Folia de Reis mostra mais uma vez a resistência no Norte Fluminense
Ingrid Silva 10/01/2025 10:38 - Atualizado em 10/01/2025 10:49
Folia de Reis 2024
Folia de Reis 2024 / Site São Fidélis - RJ
Com o Dia de Reis lembrado na última segunda-feira (6), é comum pensar na Folia de Reis, tradição antiga que veio de Portugal para o Brasil no período colonial, traz uma mensagem e história bíblica, além de conseguir unir cada vez mais familiares, amigos e vizinhos, responsáveis por manter a festa viva nas cidades. Na Região Norte Fluminense, São Fidélis é um dos locais que consegue manter a folia e a tradição viva também nos últimos anos, com grande ar de resistência. No dia 7 de dezembro do ano passado, foi realizada a visita das Folias de Reis com recepção no Hotel São José, no centro do município, com três grupos ainda ativos e atuantes na região, sendo eles a Estrela Dalva do Oriente, Estrela de Belém do Norte, Estrela da Guia, além da apresentação da bandeira de um novo que está sendo formado por crianças e adolescentes, o Estrela dos Anjos do Oriente. Durante os sábados de janeiro, as folias visitam as casas dos devotos no município. 
Folia de Reis 2024
Folia de Reis 2024 / Site São Fidélis - RJ


Felipe Reis é o atual mestre do grupo Estrela Dalva do Oriente de São Fidélis, que existe há 17 anos no município, e ele falou sobre a honra e o dever cultural que exerce participando da Folia de Reis, assim como ressaltou a importância da tradição.

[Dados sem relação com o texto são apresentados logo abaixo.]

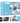 SMARTKLIK Digital Camera for Teens, FHD 4K 44MP with 64GB SD Card, 16X Digital Zoom, Compact Point Shoot Camera Blue_1
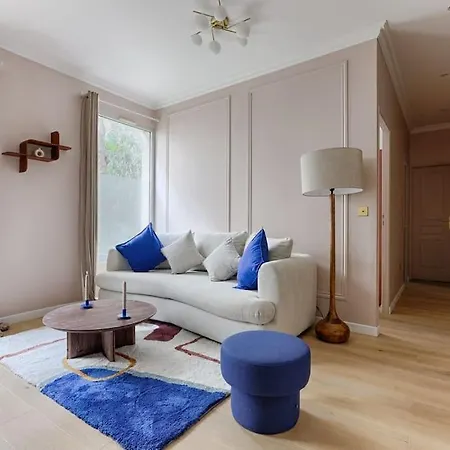 Apartment Mykeypers - Luxury Flat 3br 8p With Jacuzzi - Haussmann *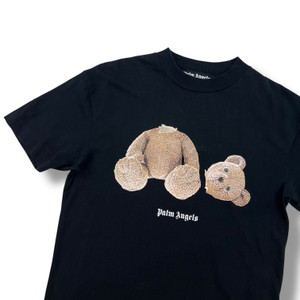 Palm Angels Kill The Bear Black T Shirt 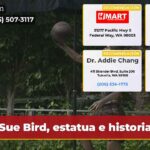 Sue Bird estatua e historia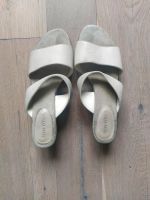 Marc O Polo Sandalen 40 in Creme/ beige Leder Altona - Hamburg Ottensen Vorschau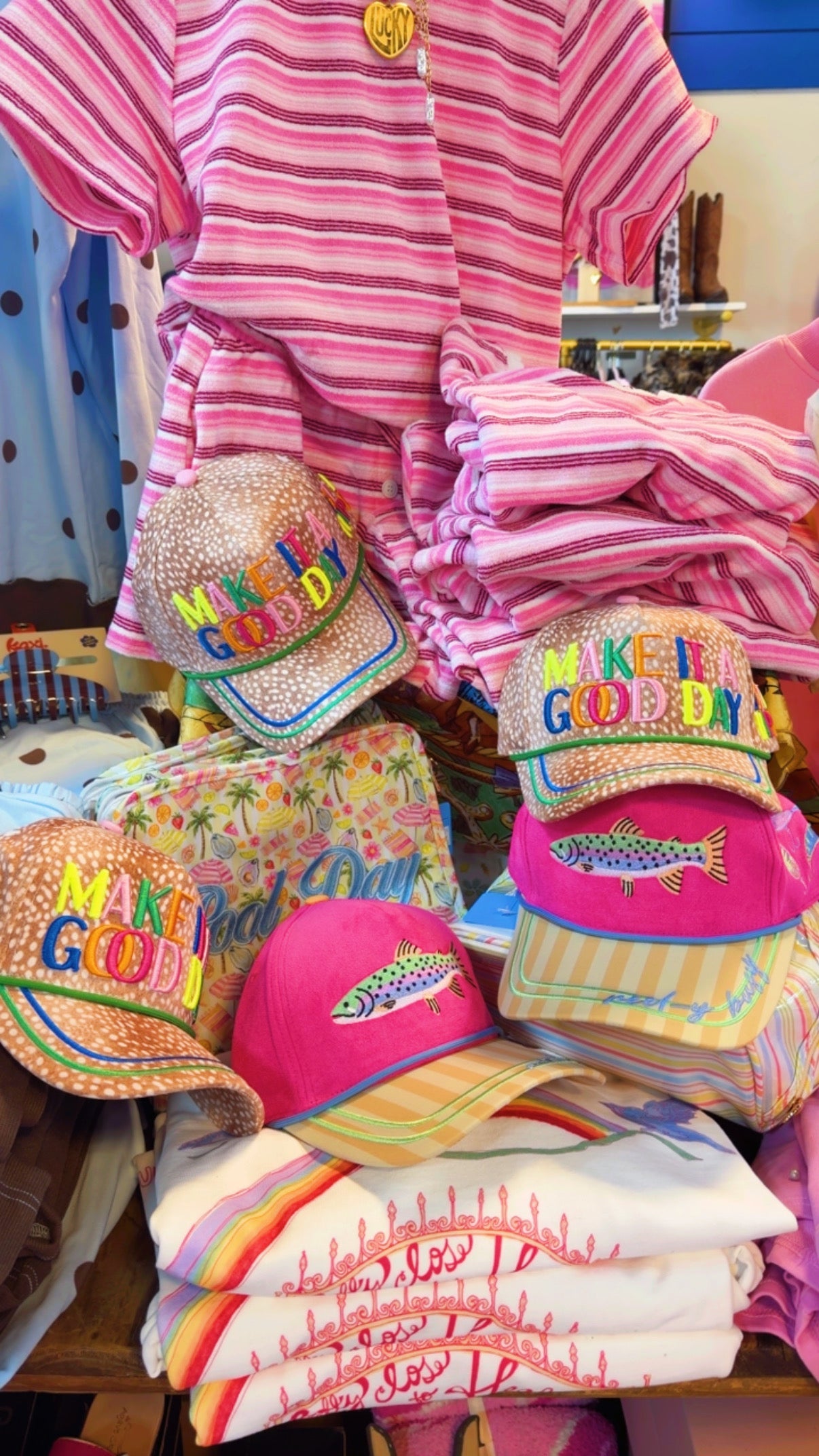 Make It A Good Day Trucker Hat
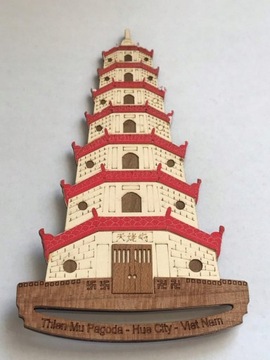 MAGNES MAGNEZ LODÓWKĘ WIETNAM XL PAGODA HUA CITY
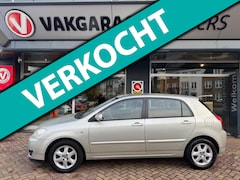 Toyota Corolla - 1.6 VVT-i Anniversary - Nieuwe Apk - Nieuwe koppeling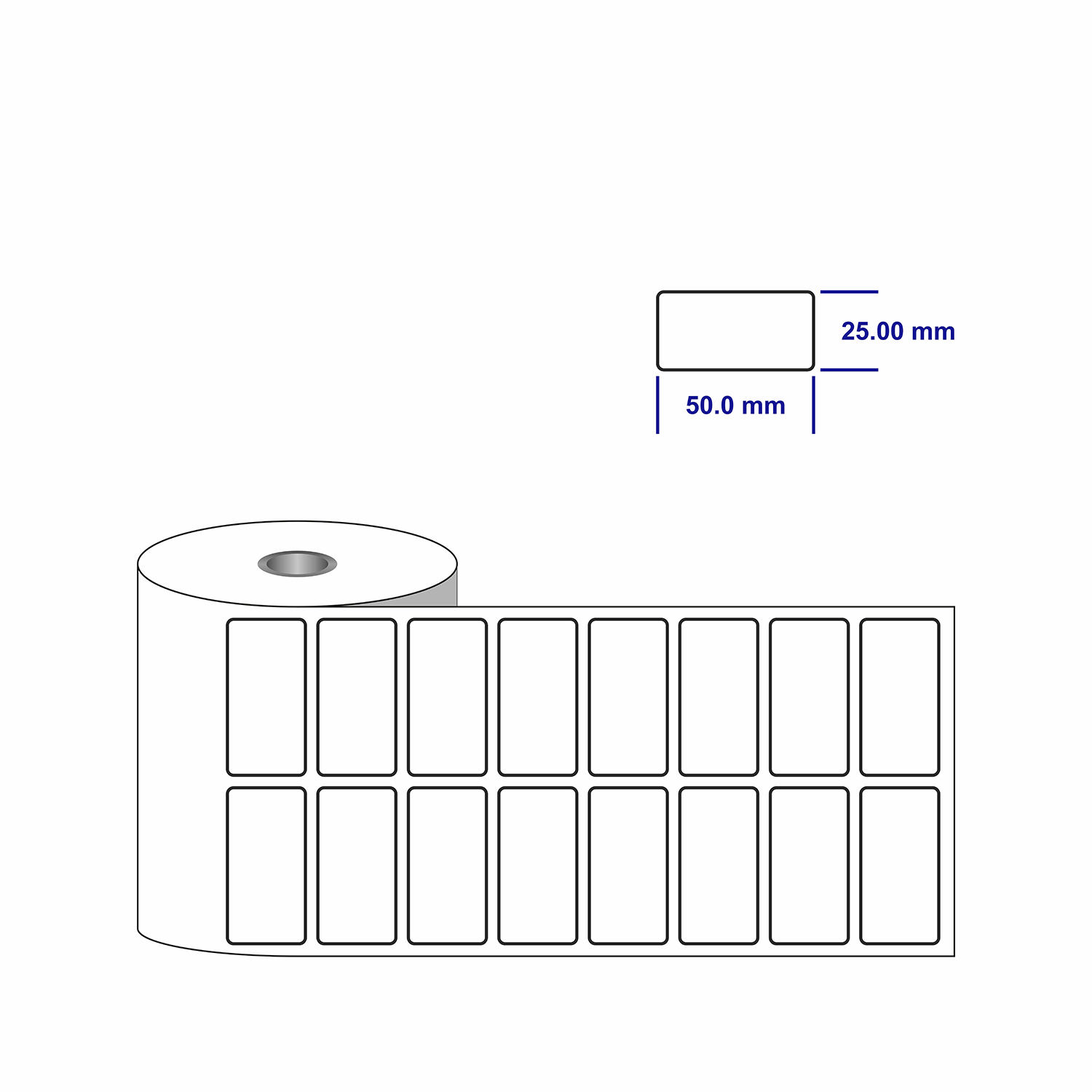 Barcode Label Roll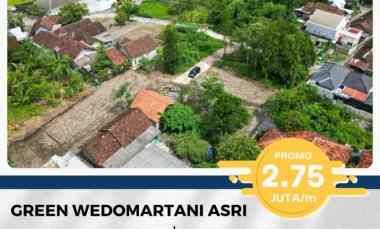 dijual tanah tonggalan wedomartani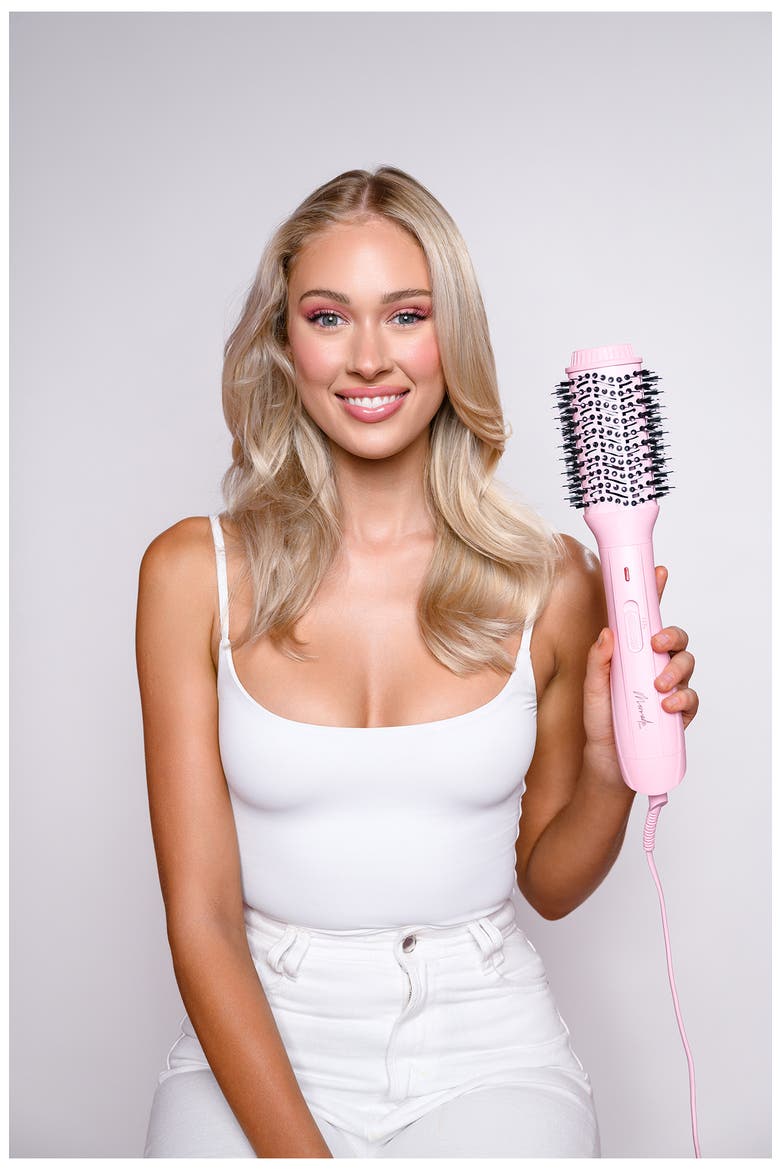 Blow Dryer Brush, Alternate, color, PINK
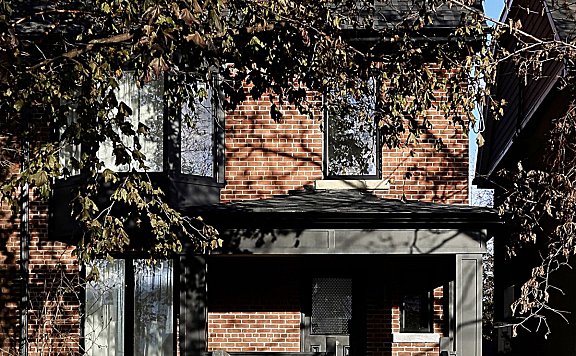 Ancerl Studio | Euclid Residence , 现代明亮的特色住宅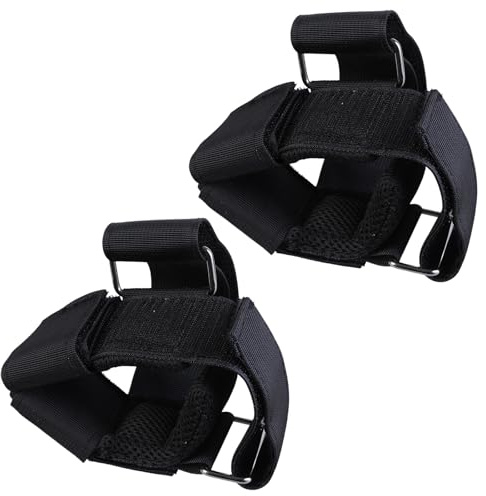 1/2 pz Sollevamento Pesi Tibialis Trainer Cinghia Del Piede Manubri Caviglia Pesi Attrezzature per il Fitness Per Le Donne Uomini Sollevamento Pesi Fascia Del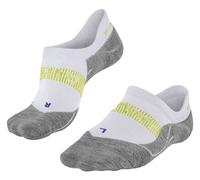 Falke Mens RU4 Endurance Running Cool Invisible Socks - White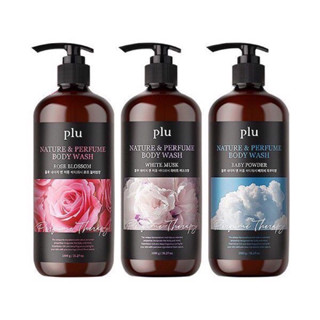 เจลอาบน้ำ กลิ่นหอมติดทนนาน 🇰🇷 Plu nature &amp; perfume body wash 1000ml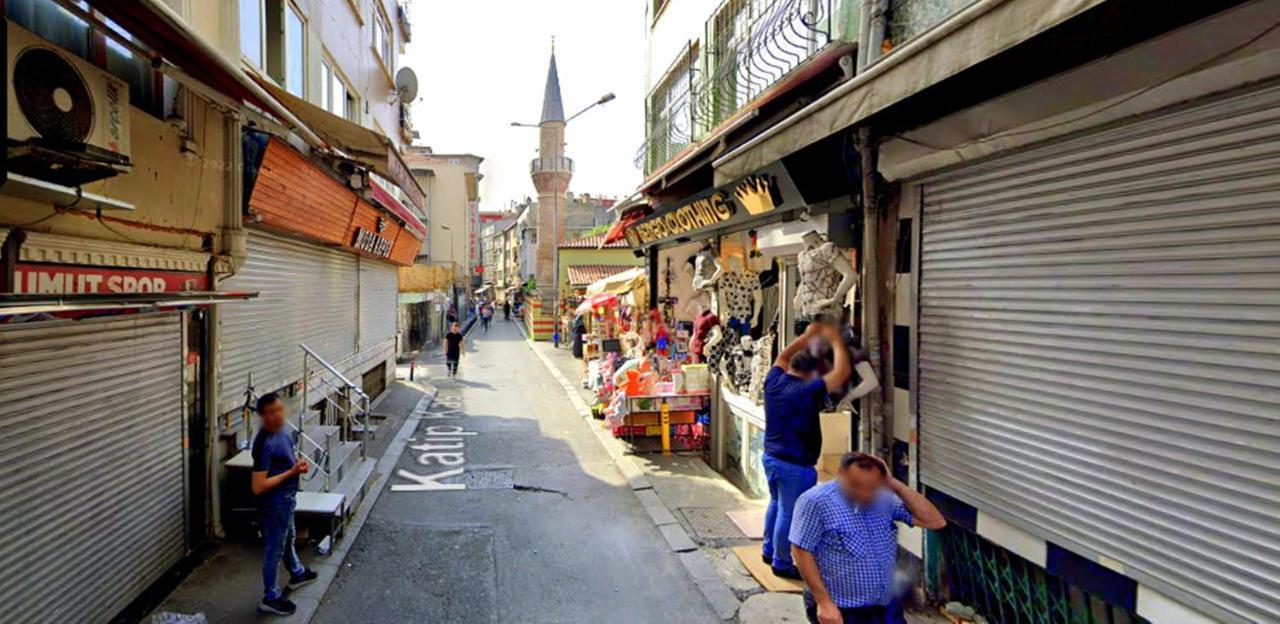 Menesa Hotel Estambul Exterior foto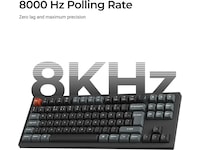 Keychron V3 Ultra 80% 8K Brown Trådløst Gamingtastatur Gamingkeyboard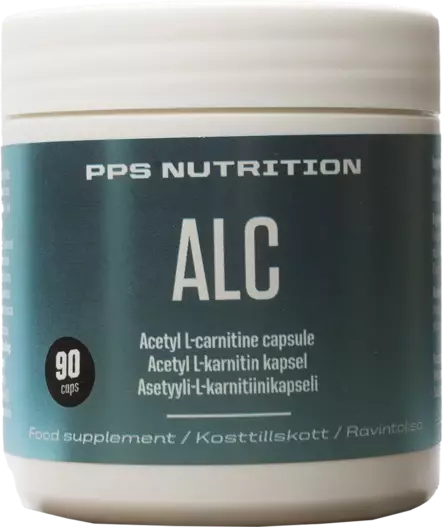 PPS Nutrition ALC 600mg - L-Karnitin - 10357 - 1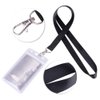Kuuqa 12 Pack of Neck Strap Straps, Black Lanyard Badge Holder for Business Card, Student Card, Bus Card,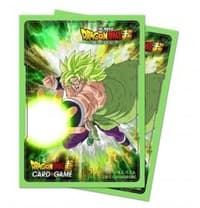 Dragon Ball Super Standard Deck Protector - Broly (65-Pack) - Ultra Pro Card Sleeves - Card Sleeves card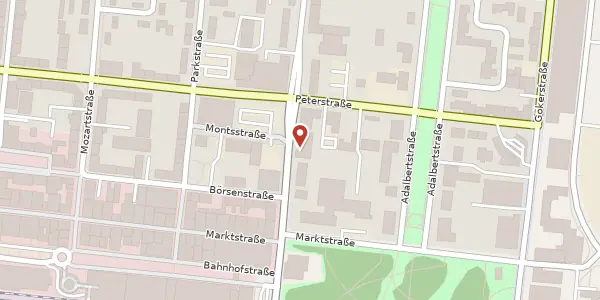 Karte der Umgebung von Virchowstr. 21, 26382 Wilhelmshaven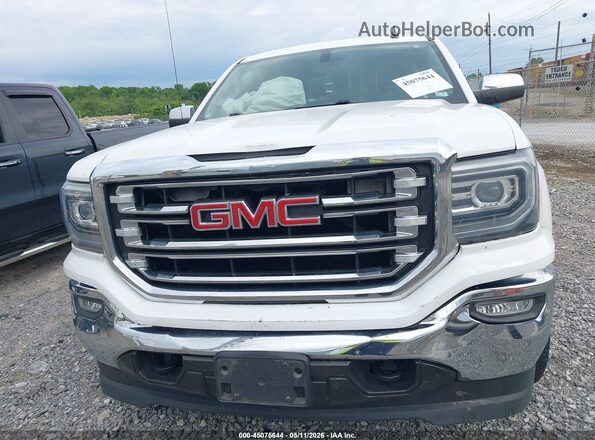 3GTU2NEC3GG180608 2016 GMC SIERRA White ხელსაწყოთა პანელის ხედი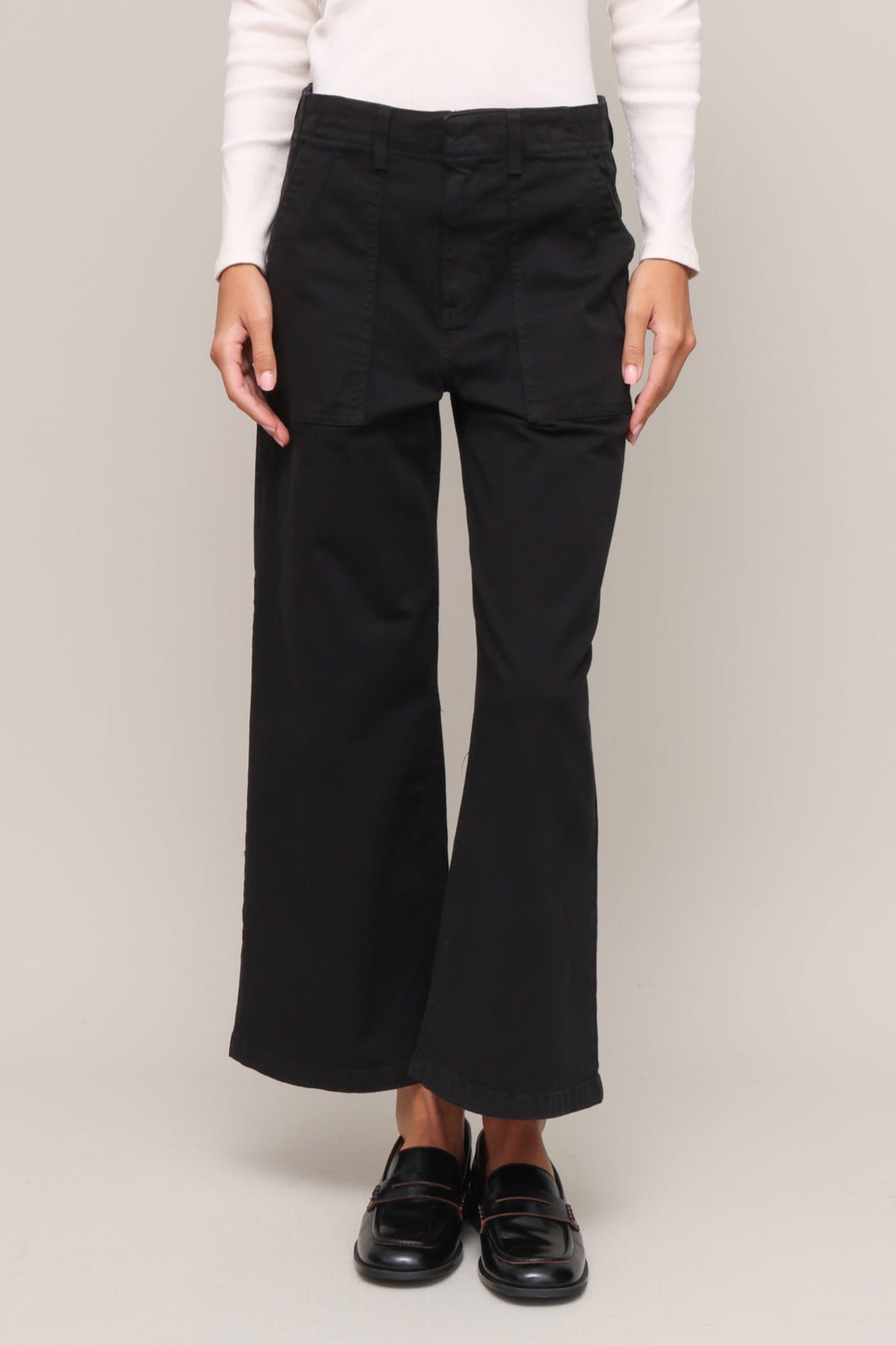 Sophia Utility Pant Black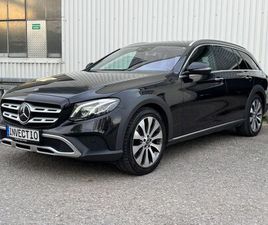 MERCEDES-BENZ E 220D * 4MATIC * ALL-TERRAIN * MB 100 * HUD *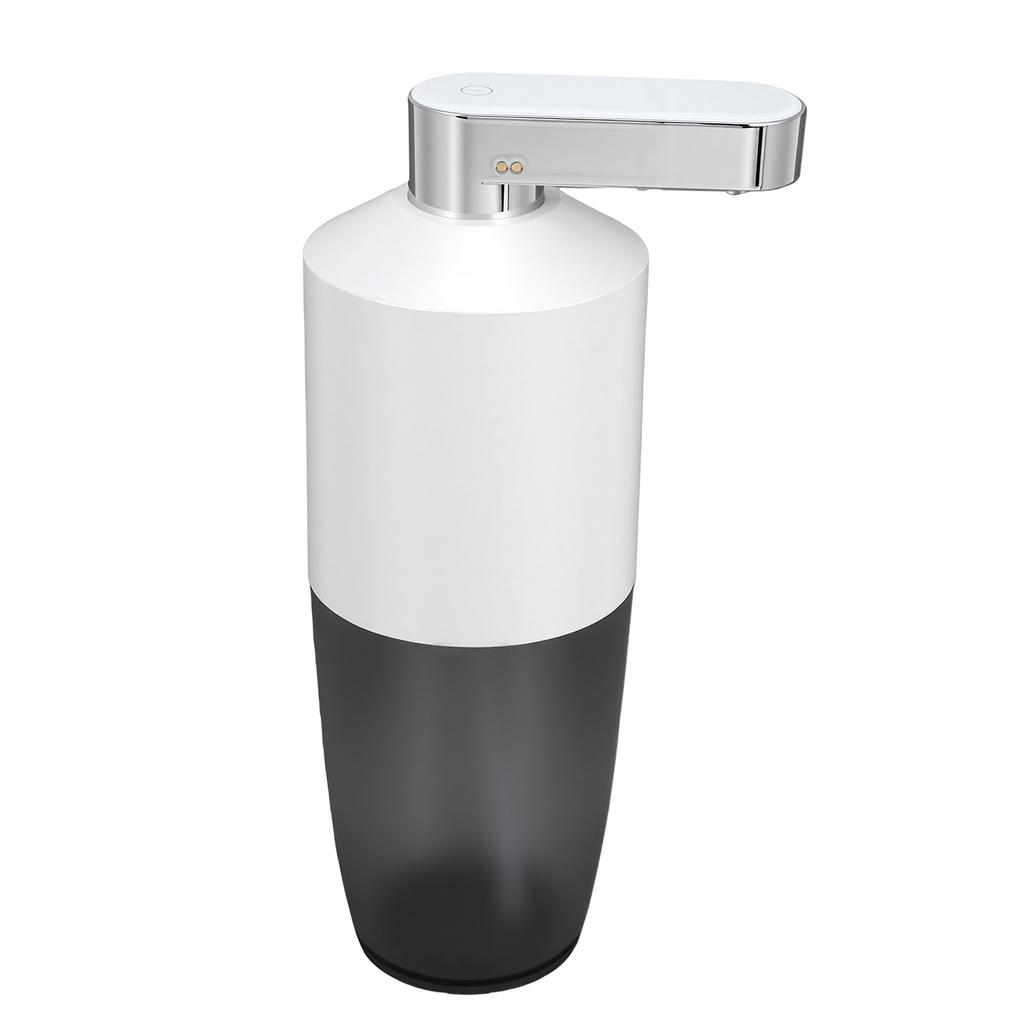 280ml Portable Smart Mouthwash Dispenser Digital Display Leakage Proof Electric Mouthwash Dispenser for Bathroom Office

“Para mim, além de uma honra, é um dever cultural, folclórico e tradicional levar as novas e presentes gerações, de forma que não deixe morrer aquilo que acredito acrescentar e ser essencial a população, principalmente por fazer parte de nossa essência e história popular. A Folia de Reis, nada mais e menos, do que é ressignificar e fortalecer nossa crença, quebrar paradigmas e preconceitos e trazer e manter de volta nossos valores. Uma forma de transmitir de fato o que é a Folia e sua importância em nossas vidas, seja de forma cultural ou espiritual”, declara.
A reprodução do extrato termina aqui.